*** Opening of Data segment ***

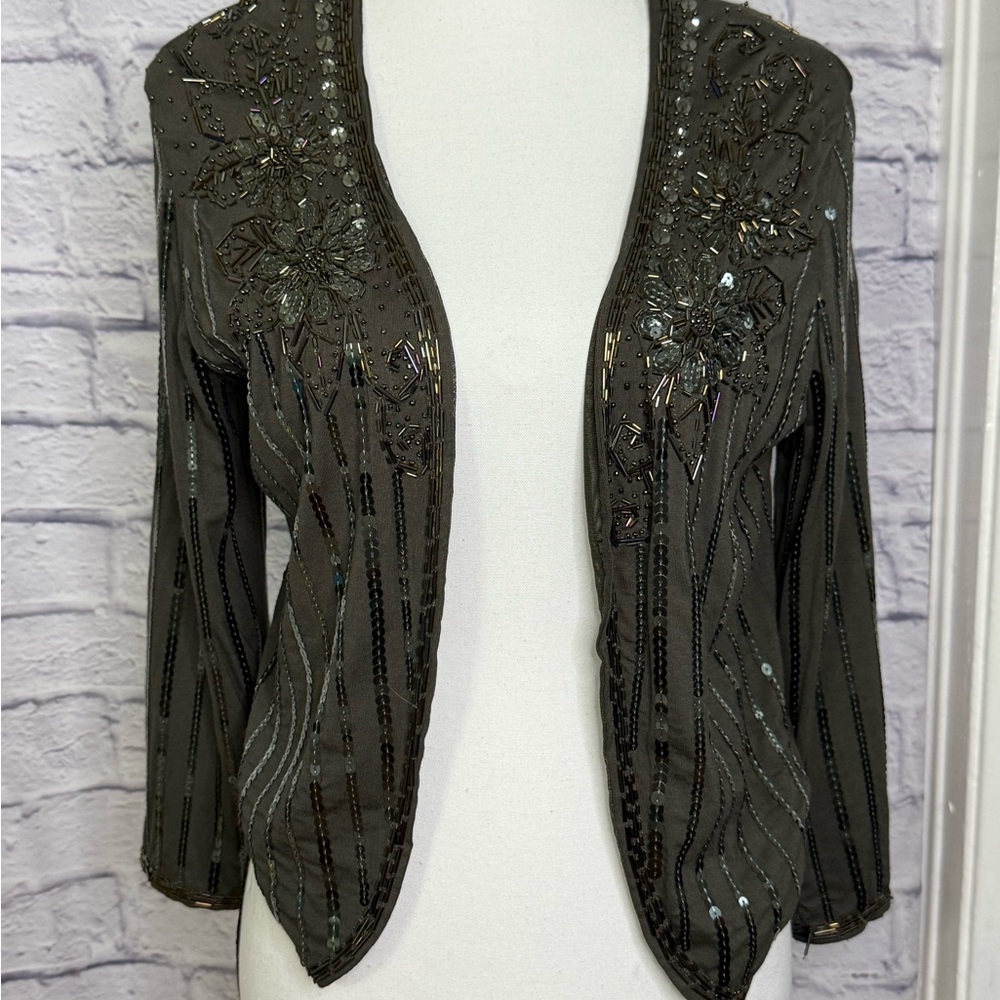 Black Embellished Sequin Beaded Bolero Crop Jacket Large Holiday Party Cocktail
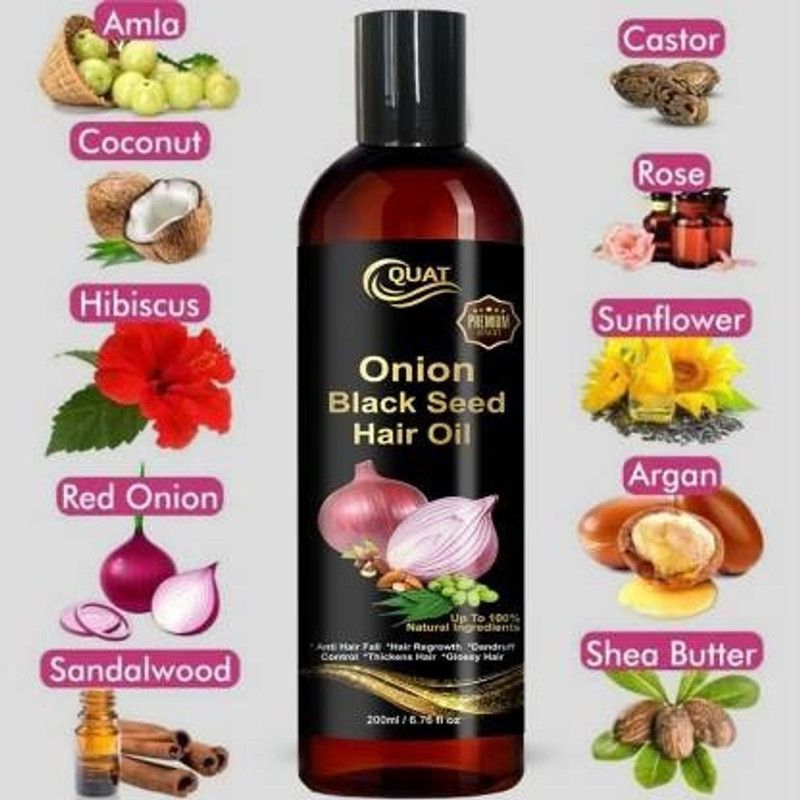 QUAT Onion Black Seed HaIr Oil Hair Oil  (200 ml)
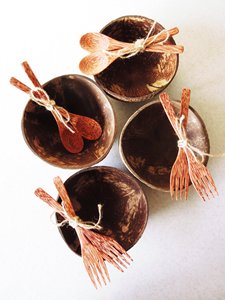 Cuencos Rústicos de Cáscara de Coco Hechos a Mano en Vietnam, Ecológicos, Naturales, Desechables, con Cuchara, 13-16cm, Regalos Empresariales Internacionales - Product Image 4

*** Close of Data segment ***

* [Task brief]:
Could you give the material above again, exactly and without its pictures?

* [Result]:
 Black Embellished Sequin Beaded Bolero Crop Jacket Large Holiday Party Cocktail
 QUAT Onion Black Seed HaIr Oil Hair Oil  (200 ml)
 Cuencos Rústicos de Cáscara de Coco Hechos a Mano en Vietnam, Ecológicos, Naturales, Desechables, con Cuchara, 13-16cm, Regalos Empresariales Internacionales - Product Image 4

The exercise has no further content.